Dynamic Programming

Posted on 2006-11-27
Medium Priority
Last Modified: 2011-10-17
Hi all,
         I was trying to analyze the following problem but couldnt get any idea of how the total amount of terabytes can be calculated. Could you please help me in understanding the problem. And let me know the better way to do the (dynamic) program.

         Suppose n=4 and the values of x and s are given by the following table.

           Day1      Day2      Day3      Day4

x      10      1      7      7      
s      8      4      2      1

      The best solution would be to reboot on day2 only; this way, you process 8 terabytes
on day1, then 0 on day2, then 7 on day3, then 4 on day4, for a total of 19.
Note that if you didn't reboot at all, you'd process 8+1+2+1 =12; and other rebooting strategies
give you less than 19 as well.

      Give an efficient algorithm that takes values for x1,x2,x3..........xn and
s1,s2,s3........sn and returns the total number of terabytes processed by an optimal solution.

Thanks & Regards,
Question by:vjonnada
Welcome to Experts Exchange

Add your voice to the tech community where 5M+ people just like you are talking about what matters.

  • Help others & share knowledge
  • Earn cash & points
  • Learn & ask questions
LVL 15

Expert Comment

ID: 18025442
There must be some other information somewhere about what x and s are and what effect rebooting has.  It's not clear enough from what you posted.  If you have this information and can share it, someone here might be able to explain it.  If you don't have it, I think you will have to get it from somewhere other than here.

Author Comment

ID: 18025884
Hi, Here is the complete problem.

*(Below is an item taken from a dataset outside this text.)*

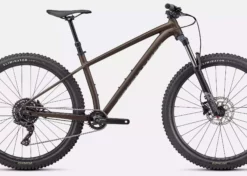 Cycli.fi Specialized Fuse 27.5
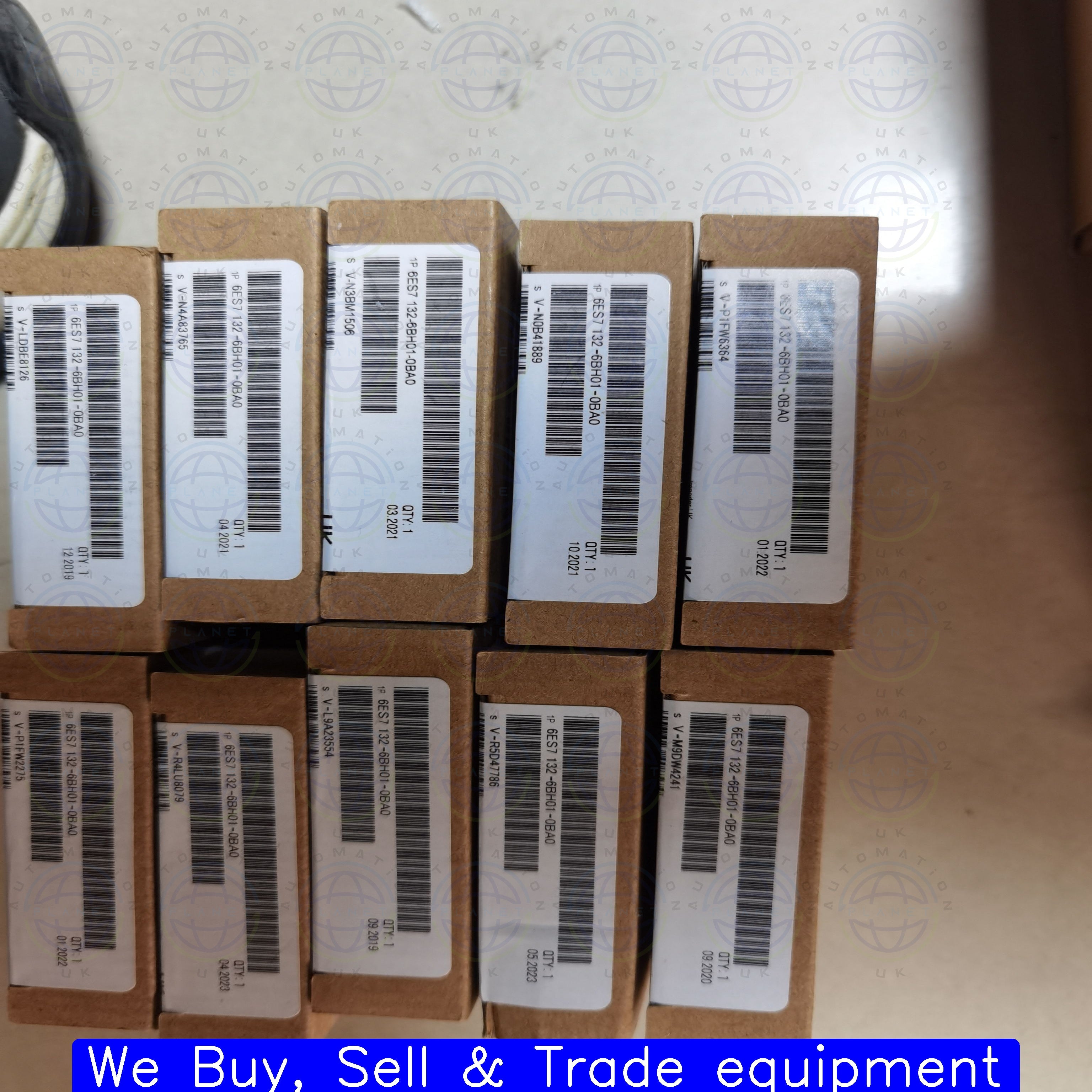 6ES7132-6BH01-0BA0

Can anyone read this and explain me exactly what it is saying, I am not asking you the entire program. Just give me ideas and explain the logic to do this.

Problem Statement:

To run a high performance computing system capable of
processing several terabytes of data per day .For each of n days ,you are
being presented with a quantity of data; on day i ,you’re presented with xi
terabytes .For each terabyte you process ,you receive a fixed revenue, but any
unprocessed data becomes unavailable(i.e expires) at the end of the day and
thus you can not work on it in subsequent days.
   You also can not always process everything each day because you are
constrained by the capabilities of your computing system one-of-a kind software that, while very sophisticated ,is not totally reliable, and so the amount of data you can process goes down with each day that passes since the most recent reboot of the system. On the first day after a reboot, you can process s1 terabytes, on the second day after the reboot ,you can process s2 terabytes ,and so on, up to sn; it is assumed that s1>s2>s3>….>sn>0.Note that on day i you can only process up to xi terabytes, even if the corresponding sj is larger(note the applicable subscripts can be different values).To get the system back to peak performance, you can choose to reboot it; but on any day that you choose to reboot the system, you can not process any data.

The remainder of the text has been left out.